| Activity |
For this exercise, return only the lines in the records below from the one holding "Een slaapkamer met" through the one holding "a view of empty", including both, exactly as they appear and without pictures.

━━━ Material for the task

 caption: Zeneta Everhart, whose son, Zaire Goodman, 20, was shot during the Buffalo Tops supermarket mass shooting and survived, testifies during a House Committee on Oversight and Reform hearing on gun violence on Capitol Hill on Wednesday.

━━━━━━
━━━ Material for the task

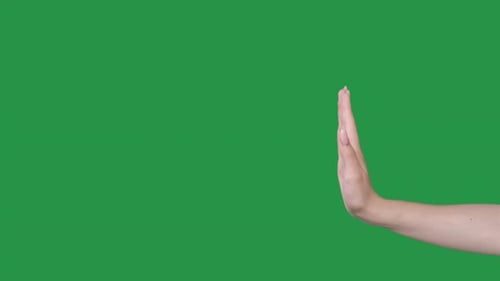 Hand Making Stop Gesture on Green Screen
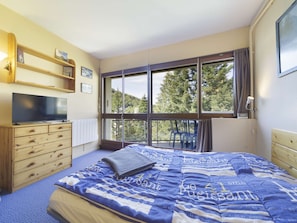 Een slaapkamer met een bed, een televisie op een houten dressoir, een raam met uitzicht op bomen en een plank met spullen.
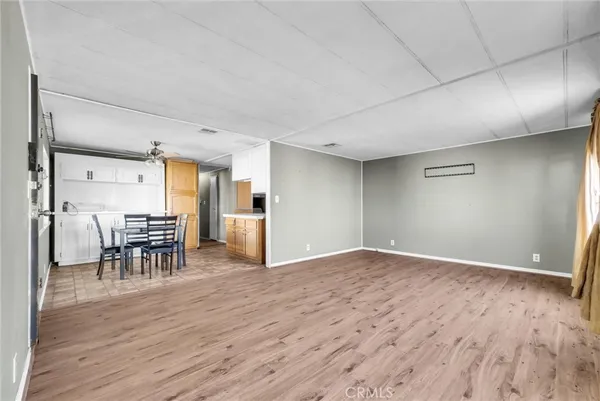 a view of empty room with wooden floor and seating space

━━━━━━

| Your response |
 Een slaapkamer met een bed, een televisie op een houten dressoir, een raam met uitzicht op bomen en een plank met spullen.
 a view of empty room with wooden floor and seating space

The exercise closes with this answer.